- **DATA SHOWN**:
+---+

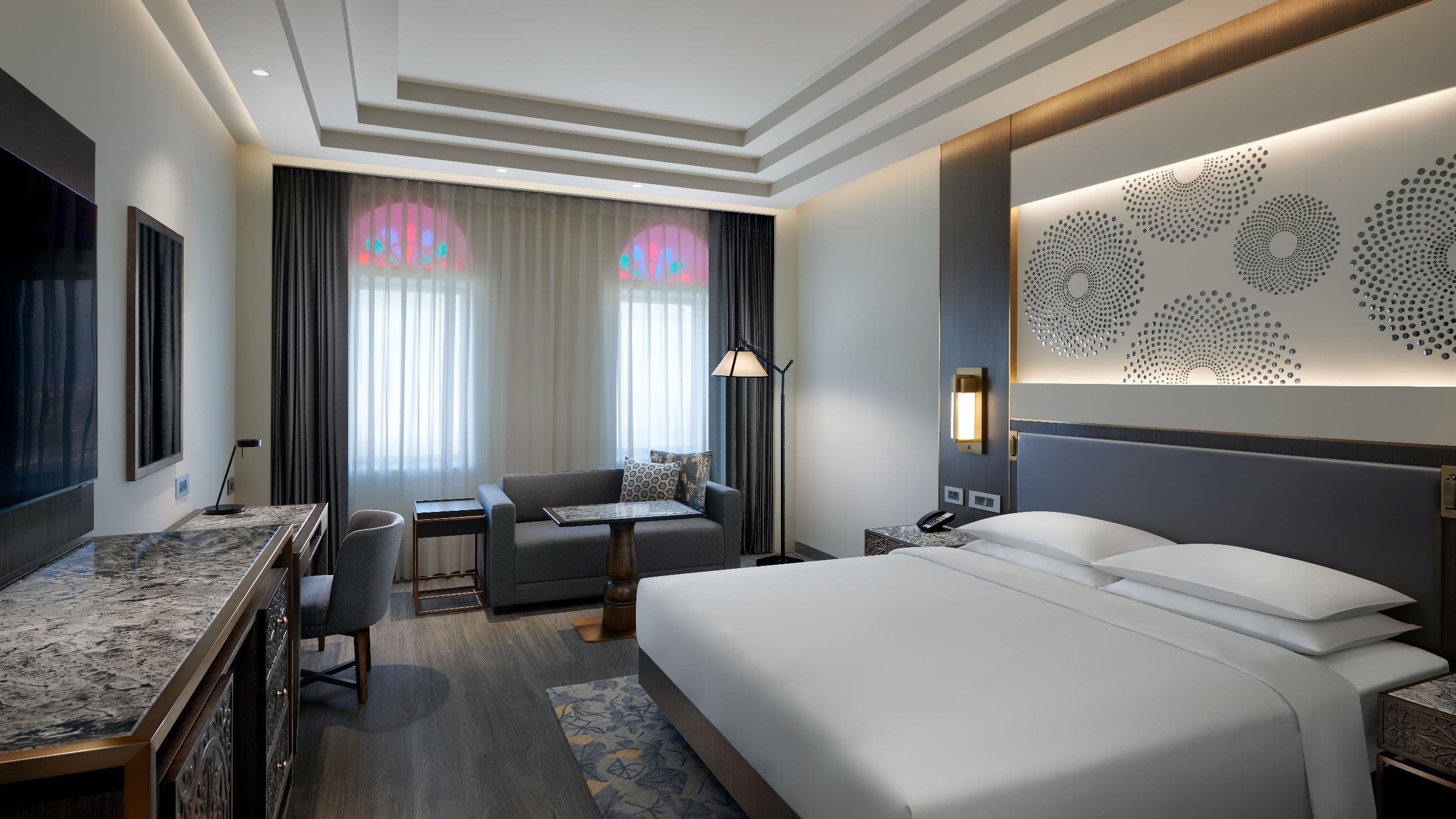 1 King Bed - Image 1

+---+

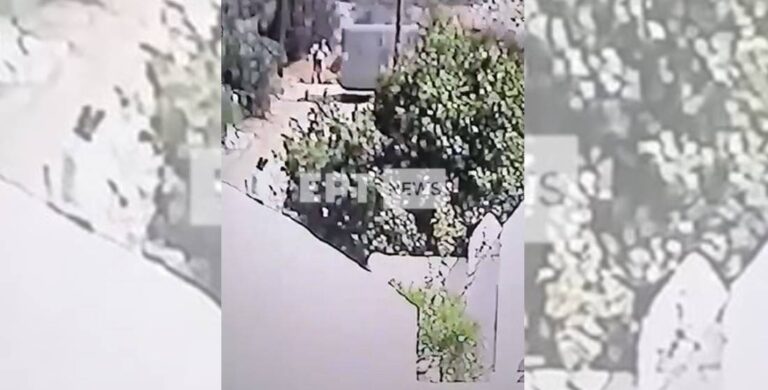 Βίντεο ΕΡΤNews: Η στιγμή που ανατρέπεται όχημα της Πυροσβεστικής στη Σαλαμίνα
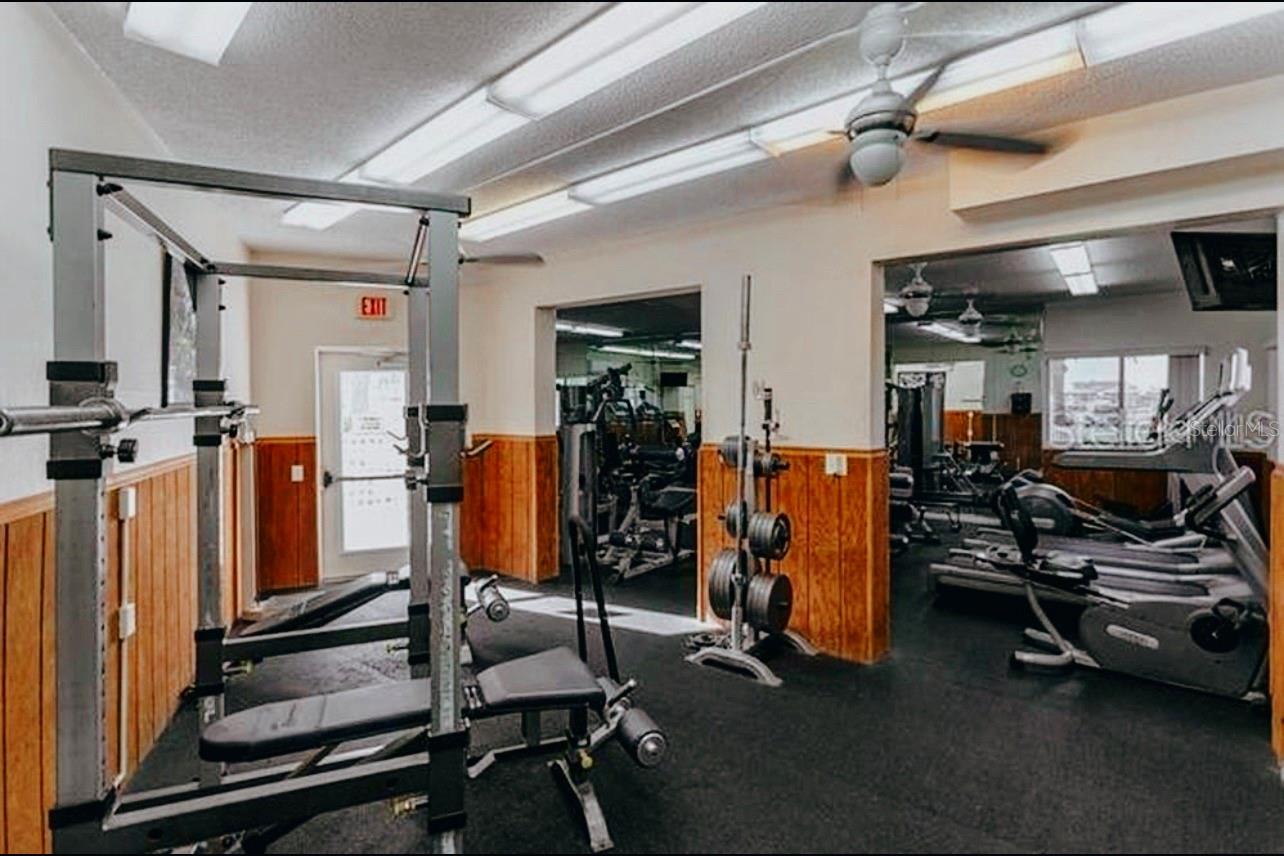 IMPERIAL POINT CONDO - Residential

+---+

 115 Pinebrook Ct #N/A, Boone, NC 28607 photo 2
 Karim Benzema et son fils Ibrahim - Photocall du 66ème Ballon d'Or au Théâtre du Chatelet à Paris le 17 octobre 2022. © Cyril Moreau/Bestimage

+---+

- **WHAT THE EXERCISE ASKS**: All lines above between those holding "115 Pinebrook Ct" and "Karim Benzema et", inclusive, must be set down unchanged, and no other line may be included.

- **OUTPUT OF THE TASK**:
 115 Pinebrook Ct #N/A, Boone, NC 28607 photo 2
 Karim Benzema et son fils Ibrahim - Photocall du 66ème Ballon d'Or au Théâtre du Chatelet à Paris le 17 octobre 2022. © Cyril Moreau/Bestimage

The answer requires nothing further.